Ce ratio indique la part des recettes de fonctionnement qui peut être consacrée pour investir ou rembourser la dette, rend compte de la performance financière d’une commune, sa solvabilité budgétaire à court et moyen terme. Mode de calcul : Epargne brute / recettes de fonctionnement.
Ainsi, suivre l’évolution de l’épargne permet de se faire une idée juste de la santé financière d’une collectivité territoriale et contribue à l’évaluation par les élus de la faisabilité de leurs projets d’investissement. L’épargne brute conditionne donc la capacité d’investissement de la collectivité. Le financement des investissements fait appel à des ressources propres (épargne brute) et à des ressources externes (subventions, dotations et emprunts). Or, par le recours à l’emprunt, l’épargne brute permet un effet de levier important : 100 € d’épargne brute permettent de financer 100 € d’annuités de dette, et donc d’emprunter 1 000 €.
La capacité d’autofinancement (CAF) :
Il s’agit du principal levier d’investissement. Rappelons que la règle d’or qui régit la construction budgétaire des collectivités territoriales impose que leurs recettes de fonctionnement couvrent leurs dépenses de fonctionnement, et interdit le recours à l’emprunt pour cette section du budget. L’autofinancement brut (ou épargne brute) doit, en priorité, couvrir le remboursement de la dette, le solde pouvant ensuite être affecté à l’investissement. L’épargne nette correspond à l’épargne brute retraitée du remboursement du capital de la dette. Elle permet d’évaluer l’autofinancement de la collectivité. Elle s’intègre au financement de la section d’investissement. Son évolution doit être appréciée selon les paramètres de la section de fonctionnement ainsi que la gestion de dette, comme le remboursement d’un prêt relais.
Ce ratio révèle la capacité d’une collectivité à financer ses investissements une fois ses dépenses de fonctionnement et sa dette payées. Aussi, il informe sur les marges de manœuvre dont dispose une commune ou un établissement intercommunal pour développer son territoire sans avoir recours à l’endettement. Mode de calcul : (Dépenses fonctionnement + dette) / recettes fonctionnement.
L’Indice d’Autonomie Financière :
Ce ratio évalue le degré d’autonomie financière d’une commune, en appréciant la part des recettes propres d’une commune (taxes et impôts locaux, redevances pour services publics, dons et legs) par rapport au total de ces recettes de fonctionnement.

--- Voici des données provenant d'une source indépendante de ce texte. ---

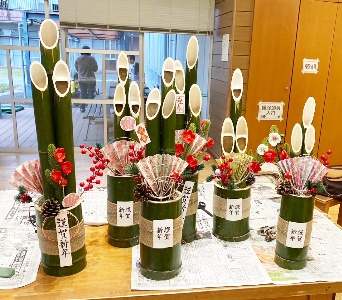 18個性豊かな門松の完成！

Il permet de déterminer les capacités d’une collectivité à mobiliser des ressources financières de manière autonome. Mode de calcul : impôts, taxes et redevances locales / recettes de fonctionnement
- Les marges de manœuvre fiscales
Le potentiel fiscal
Ce ratio correspond au montant d’impôts qu’encaisserait chaque collectivité si elle appliquait à ses bases nettes d’imposition les taux moyens nationaux de sa strate. Mode de calcul : produits taxes locales (bases locales d’imposition X taux moyens nationaux)
Le coefficient de mobilisation du potentiel fiscal :
La fiscalité représente le premier poste de recettes de fonctionnement d’une collectivité locale. Le potentiel fiscal permet d’apprécier la richesse fiscale de la collectivité. Cette richesse fiscale n’est pas corrélée aux revenus des habitants : elle repose davantage sur les valeurs foncières historiques du bâti et évolue en fonction du dynamisme des bases (installation ou départ d’entreprises, arrivée de nouveaux habitants,…). La collectivité a également la possibilité de relever ou d’abaisser les taux de fiscalité de plusieurs taxes. La notion d’effort fiscal permet de mesurer la pression fiscale du territoire par rapport à une moyenne nationale.

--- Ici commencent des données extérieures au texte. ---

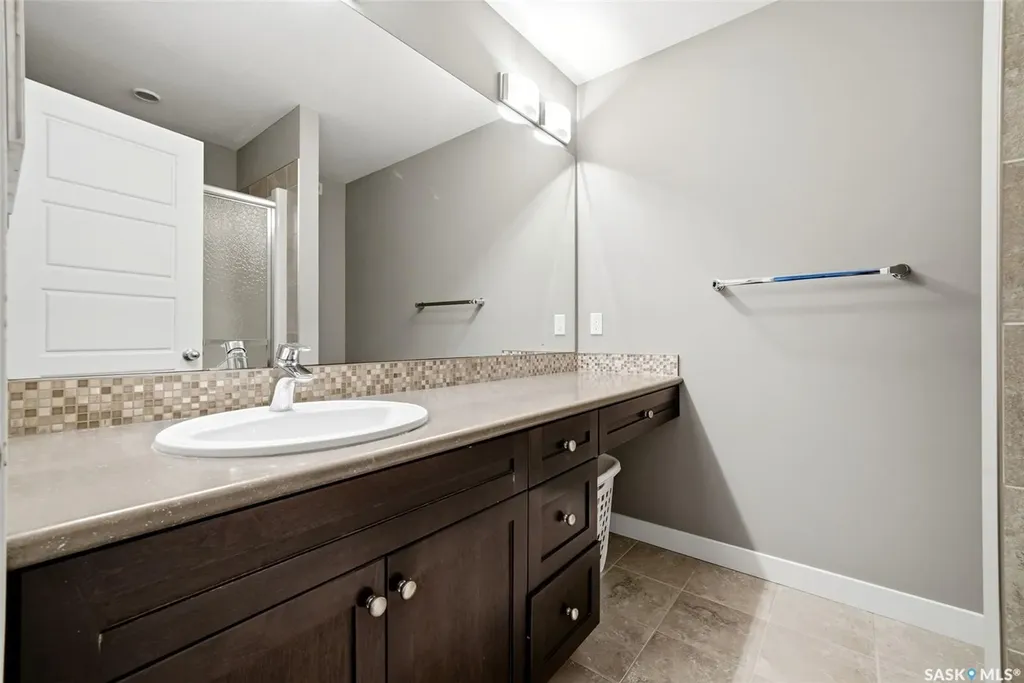 2905 Rochdale Boulevard Regina SK S4X 0N1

Ce ratio peut être compris comme un indicateur de pression fiscale au sein d’une collectivité du bloc communal. En effet, il détermine les marges de manœuvre d’une commune ou d’un établissement intercommunal en termes de fiscalité et contribue à évaluer leurs capacités à jouer sur l’augmentation des taux des taxes locales pour abonder leur budget. Mode de calcul : recettes de la fiscalité locale / potentiel fiscal.
A noter : si l’effort fiscal est inférieur à 1, la ville pourrait disposer de marges de manœuvre pour accroître les taux d’imposition. Plus l’effort fiscal est supérieur à 1, plus la pression fiscale est importante, ce qui peut limiter l’acceptabilité d’une nouvelle hausse de taux.

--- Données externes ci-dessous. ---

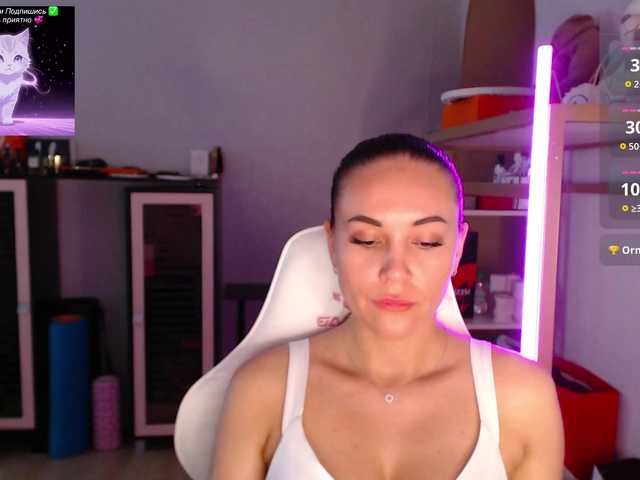 QWEENII live cam on BongaCams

- Le niveau des charges de structure
Le taux d’incompressibilité des dépenses :
Ce ratio, appelé également ratio de rigidité, appréhende les marges de manœuvre d’une commune au prisme de la réduction de ces dépenses de fonctionnement. En effet, il évalue les capacités d’une commune à s’adapter à une contrainte financière sans avoir à réaliser des coupes au sein de dépenses de fonctionnement difficilement compressibles : personnel, frais de gestion courante et remboursement de la dette. Mode de calcul : (dépenses personnel + contingents + dette) / dépenses fonctionnement.
- La dette
Quels sont les engagements actuels de la collectivité en termes d’endettement ? De quelles charges financières hérite-t-elle des politiques de financement et d’emprunt menées antérieurement ? Quel est le profil d’extinction de la dette existante ? Autant de questions auxquelles il faut répondre pour évaluer la santé financière d’une collectivité.
La dette par habitant
La dette en euros par habitant et son évolution permettent d’évaluer le poids de la dette d’une commune. La dette par habitant est toutefois à relativiser en fonction de la taille de la collectivité et en fonction de ses niveaux d’épargne. Seul, cet indicateur ne permet pas d’apprécier la capacité de la collectivité à investir. Il doit être mis en regard avec la capacité de la ville à se désendetter et complété par l’analyse du profil d’amortissement de la dette existante.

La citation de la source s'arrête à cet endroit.